**PROMPT**
Please reproduce the lines of the records below from the one holding "Olivia Culpo Hottest" through the one holding "Універсал Volvo V50 2010 в", inclusive, skipping all pictures.

── LISTED ENTRIES ──

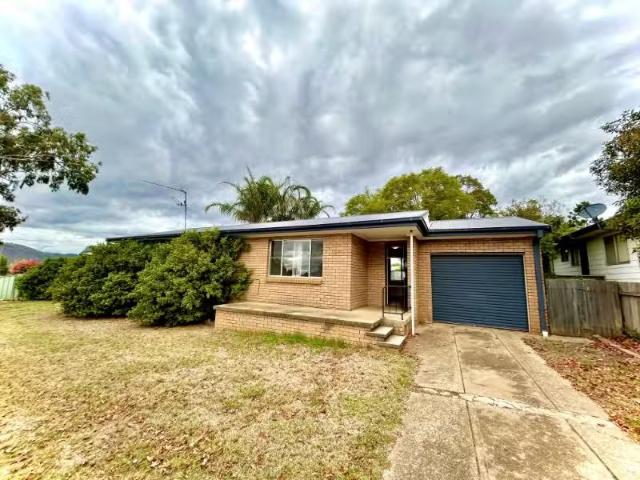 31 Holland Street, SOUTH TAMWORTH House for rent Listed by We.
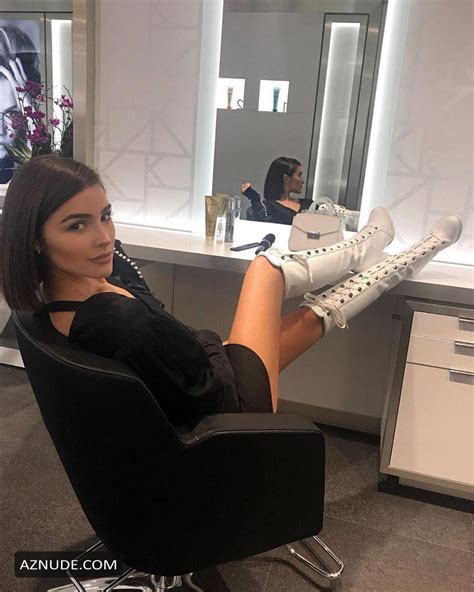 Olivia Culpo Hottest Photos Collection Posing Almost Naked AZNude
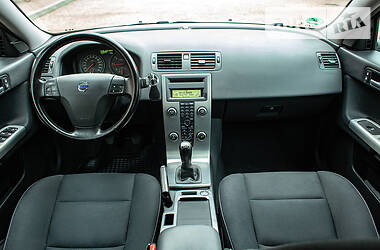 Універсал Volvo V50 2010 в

───
── LISTED ENTRIES ──

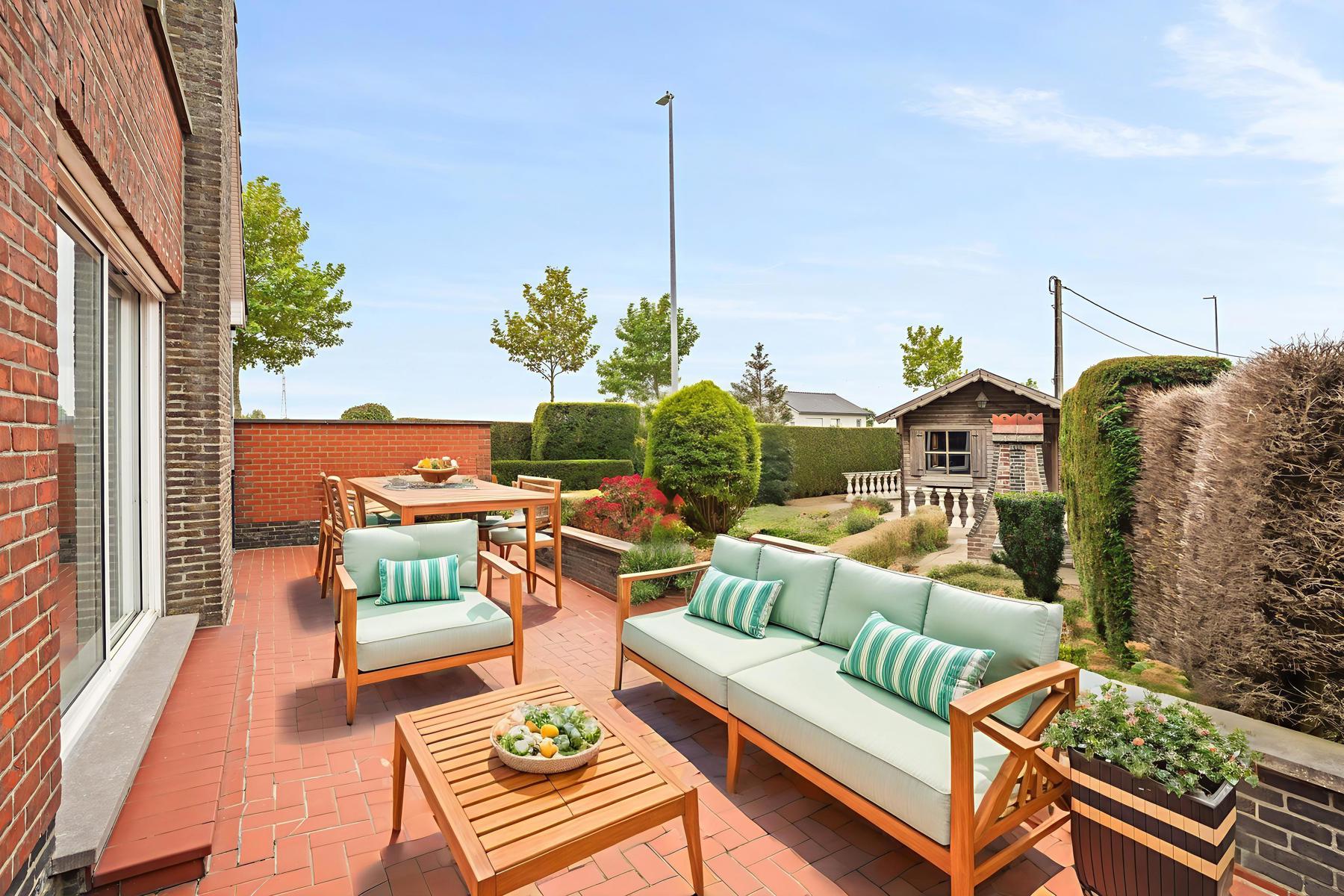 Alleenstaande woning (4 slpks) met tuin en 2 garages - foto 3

───
── LISTED ENTRIES ──

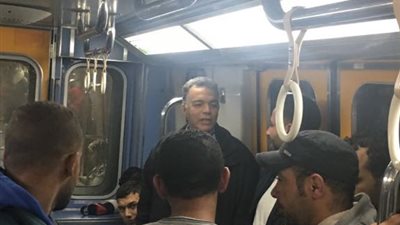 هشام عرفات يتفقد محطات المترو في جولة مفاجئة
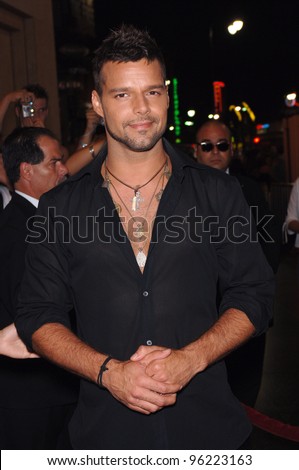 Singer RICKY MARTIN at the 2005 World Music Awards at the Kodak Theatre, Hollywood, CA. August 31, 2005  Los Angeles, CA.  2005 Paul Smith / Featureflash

───

**FINAL ANSWER**
 Olivia Culpo Hottest Photos Collection Posing Almost Naked AZNude
 Універсал Volvo V50 2010 в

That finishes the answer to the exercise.